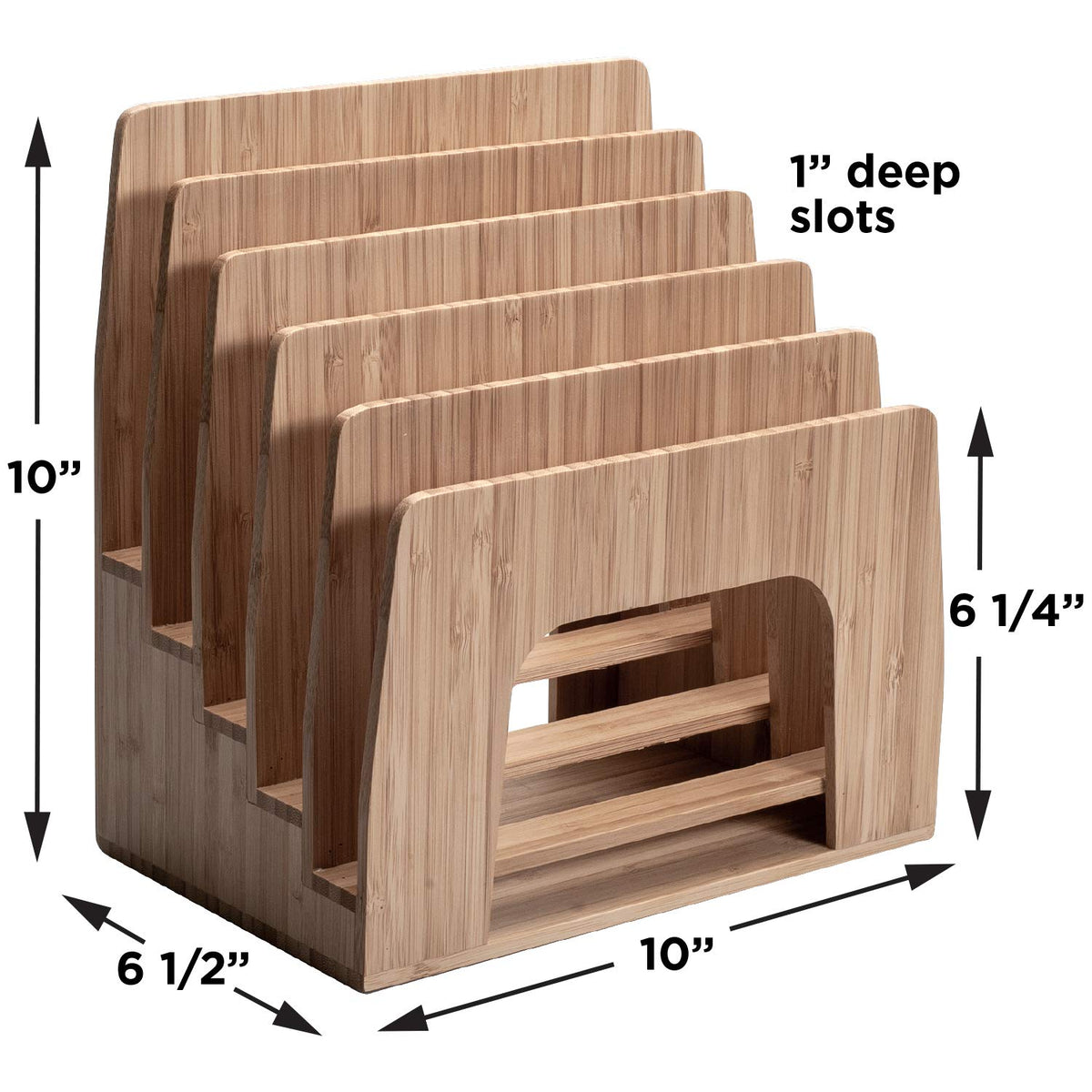 MobileVision Bamboo Desktop Inclined File Folder Organizer and Paper Tray, Upright Sections, Step Sorter, 5 Slots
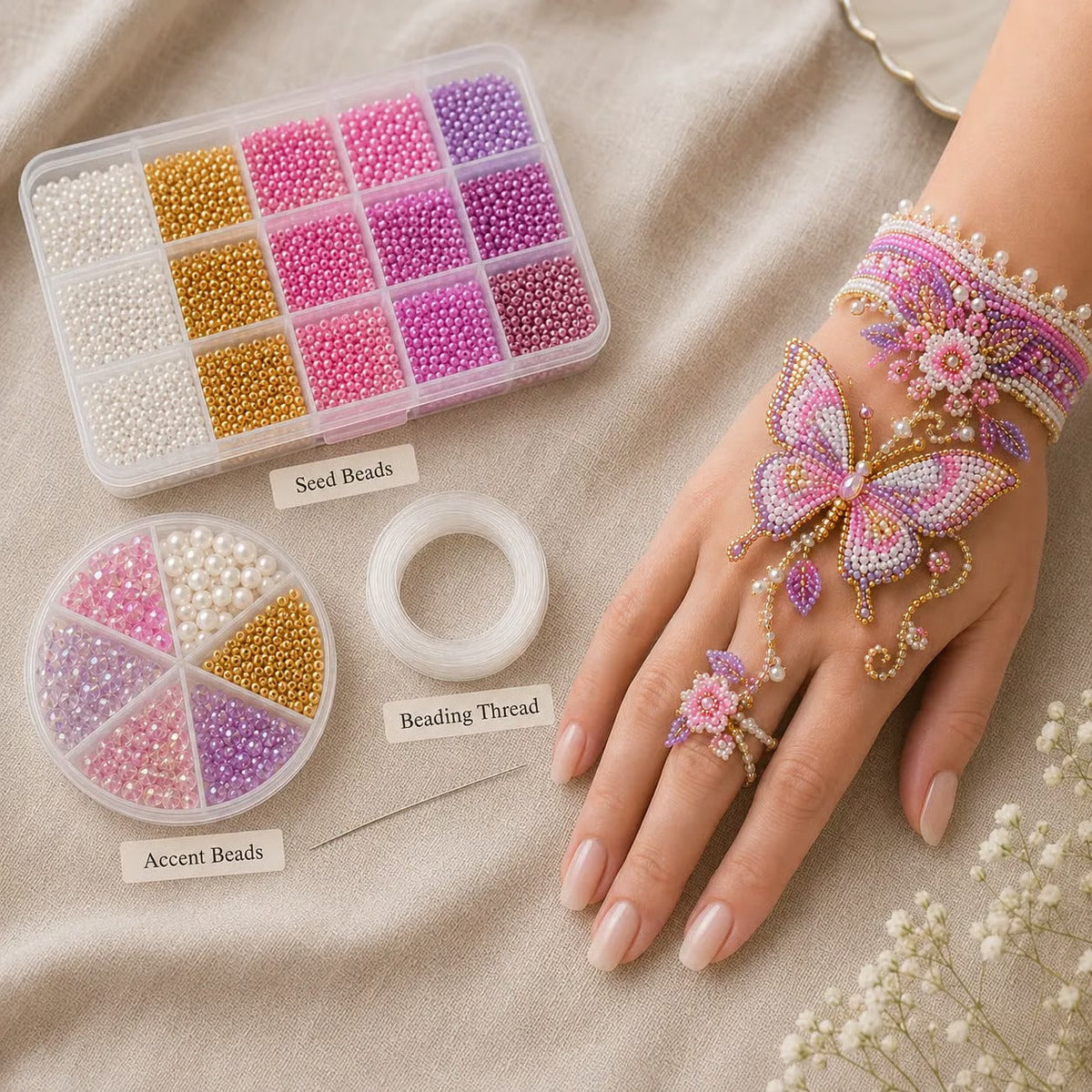 ✨ DIY Beaded Hand Bracelet Kit – Create Your Own Wearable Art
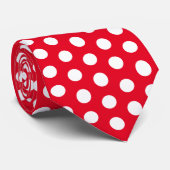 Rode en witte pooldots stropdas (Opgerold)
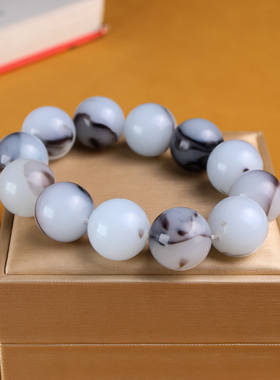 新疆和田玉青花籽料圆珠手链青花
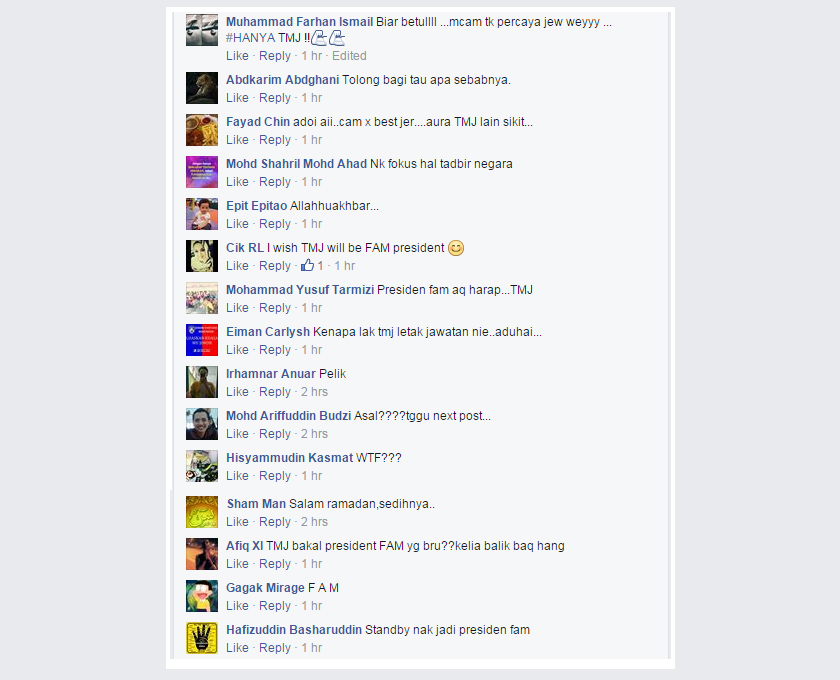 Komen media sosial berkaitan peletakan jawatan TMJ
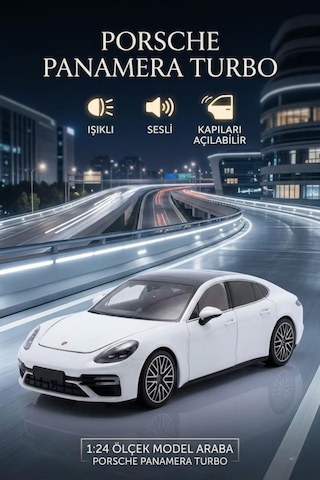 Işıklı Sesli Pilli 1:24 Metal Porsche Panamera Turbo Kapısı Kaputu Ve Bagajı Açılabilir Model Araba Beyaz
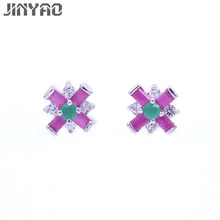 JINYAO модные корсс красные серьги с зеленым камнем для женщин циркониевые серьги-гвоздики свадебные аксессуары ювелирные изделия подарок brincos femme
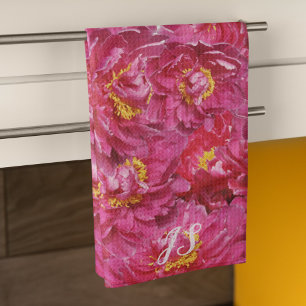 Linge De Cuisine Pivoine Rose Élégante Monogramme Calligraphique St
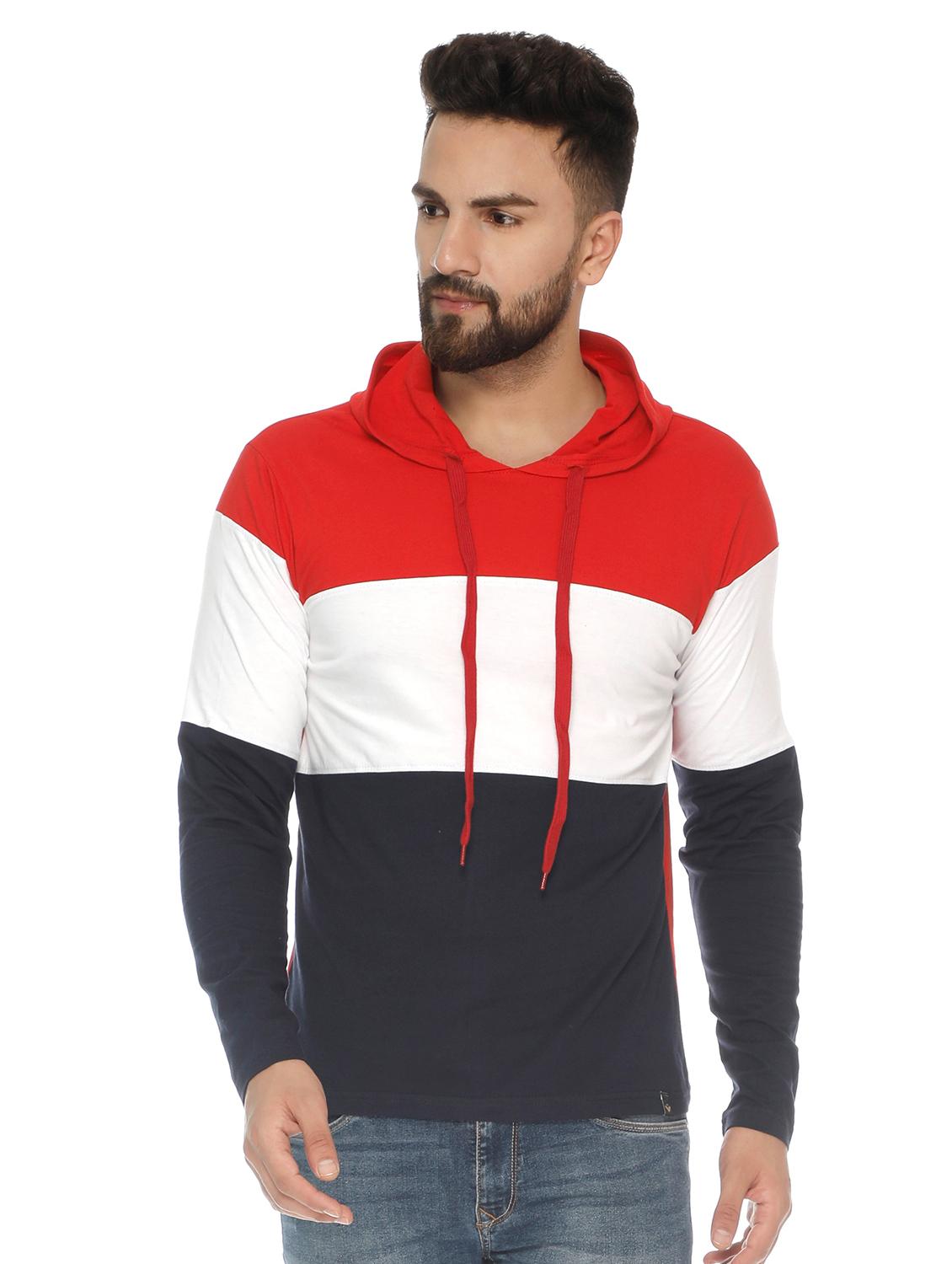 red color block cut & sew hooded t-shirt - 16655782 - Zoom Image - 1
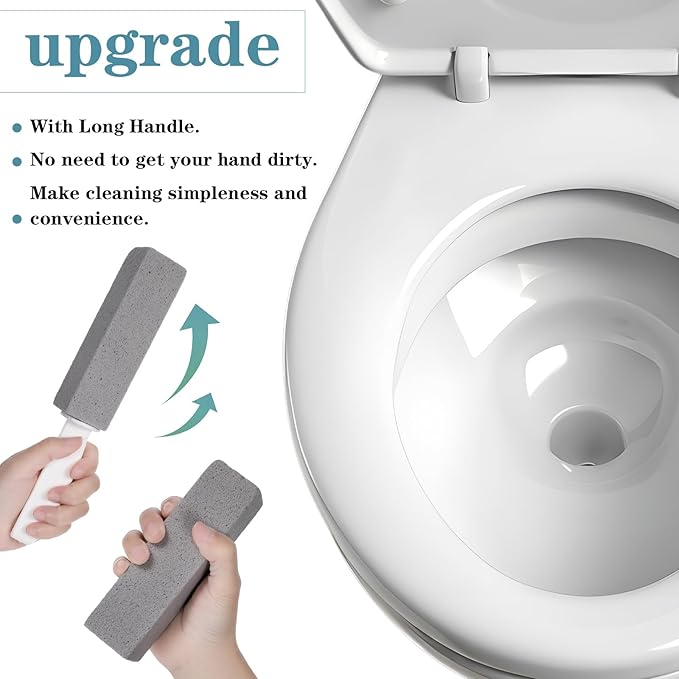 20Pcs Pumice Stone for Cleaning, Pumie Scouring Stick with Handle, Toilet Stone Brush Block, Hard Water Stain Remover for Toilet, Bathtubs, Sinks, Swimming Pools, Grills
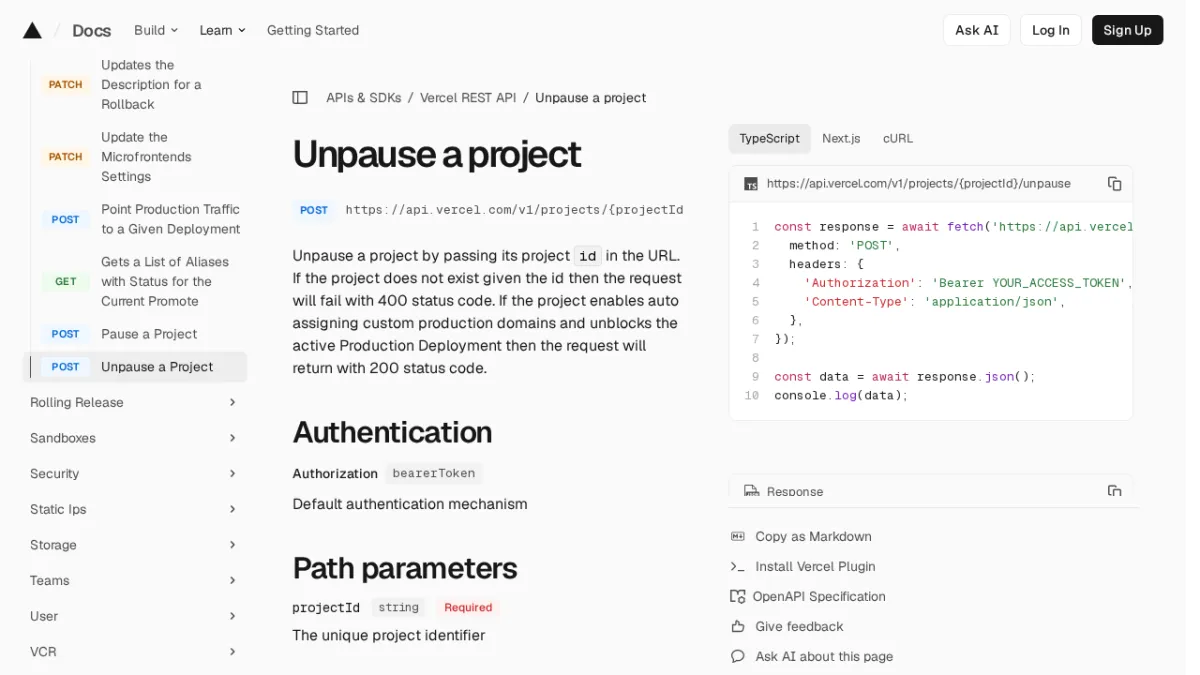 Unpause a project | Vercel REST API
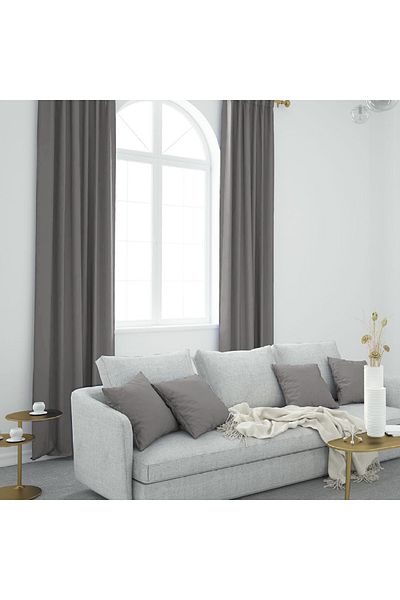 perdeciden Single Wing Gray Color Island Background Curtain Flat Seam Gathered Extrafor
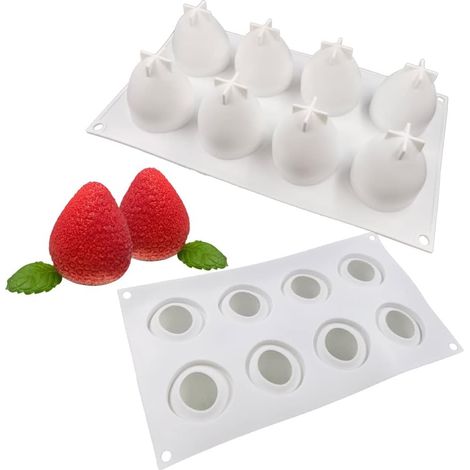 Molde multifuncional de silicona 3D para pasteles, ideal para postres de chocolate glaseados, con 8 cavidades y diseño de fresa. (1/4)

○ ○ ○

- _What you have to do_:
The answer must be the lines above from the line that contains "perdeciden Single Wing" to the final line of the data, word for word, with no pictures.

- _Response area_:
 perdeciden Single Wing Gray Color Island Background Curtain Flat Seam Gathered Extrafor
 Molde multifuncional de silicona 3D para pasteles, ideal para postres de chocolate glaseados, con 8 cavidades y diseño de fresa. (1/4)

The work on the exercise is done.